This is where I've got so far:
pwr_config=`echo "console.log(JSON.stringify(JSON.parse(require('fs').readFileSync(process.argv[2], 'utf-8'))));" | node - config.json | xargs -0 printf '%q\n'` npm run start
This pipes a short node.js app into the node runtime taking an argument of the file name and it parses and stringifies the JSON file to validate it and remove any unnecessary whitespace.
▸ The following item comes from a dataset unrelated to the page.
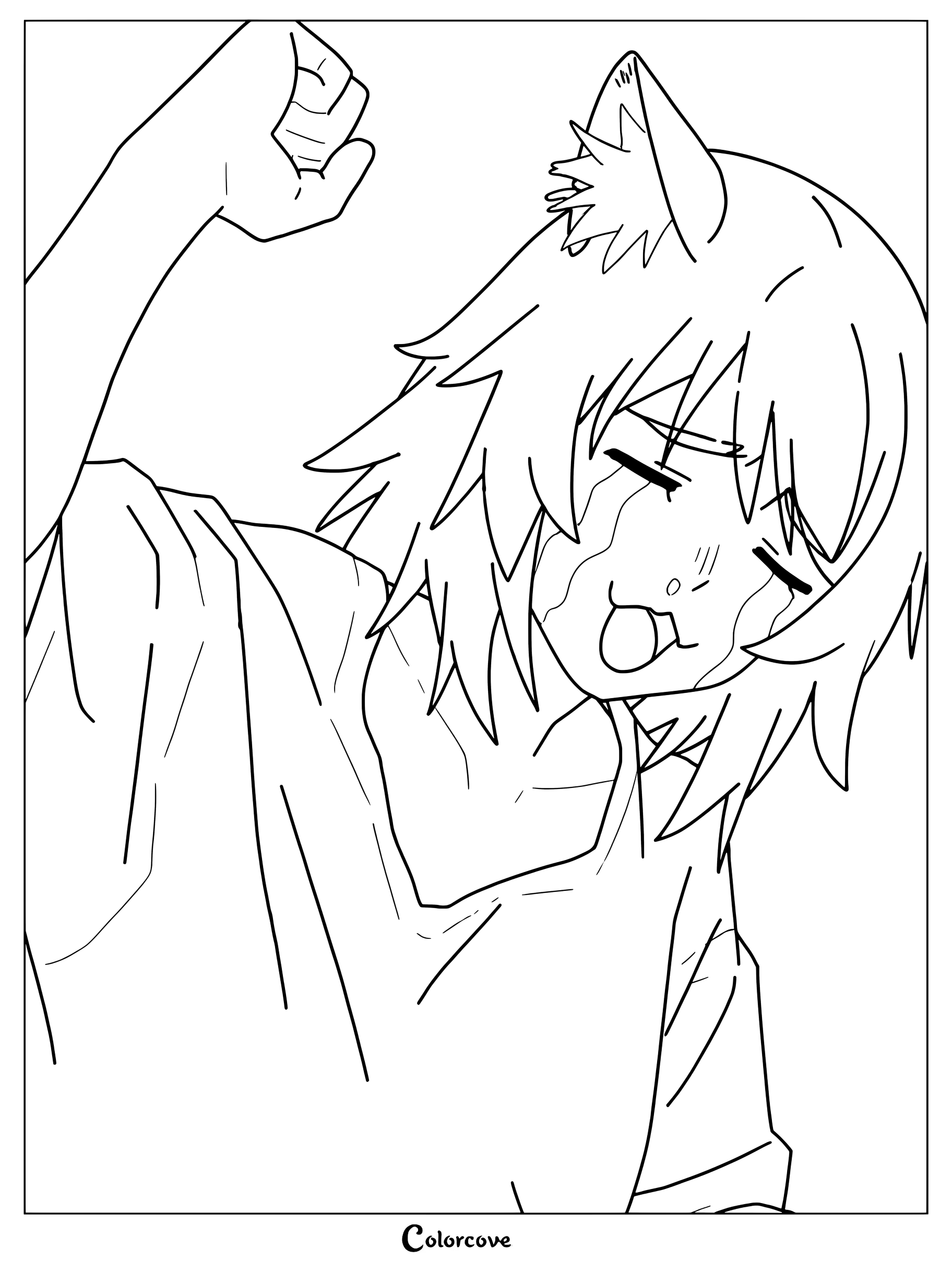 Simple coloring page of Yaniko Satō from Chainsmoker Cat with a tearful, emotional expression and raised arm.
So far so good.
The result of this is then piped to printf, or at least it would be but printf doesn't support input in this way, apparently, so I'm using xargs to pass it in in a way it supports.
I'm using the %q formatter to format the string escaping any characters that would be a problem as part of a command, but when calling printf through xargs, printf claims it doesn't support %q. I think this is perhaps because there is more than one version of printf but I'm not exactly sure how to resolve that.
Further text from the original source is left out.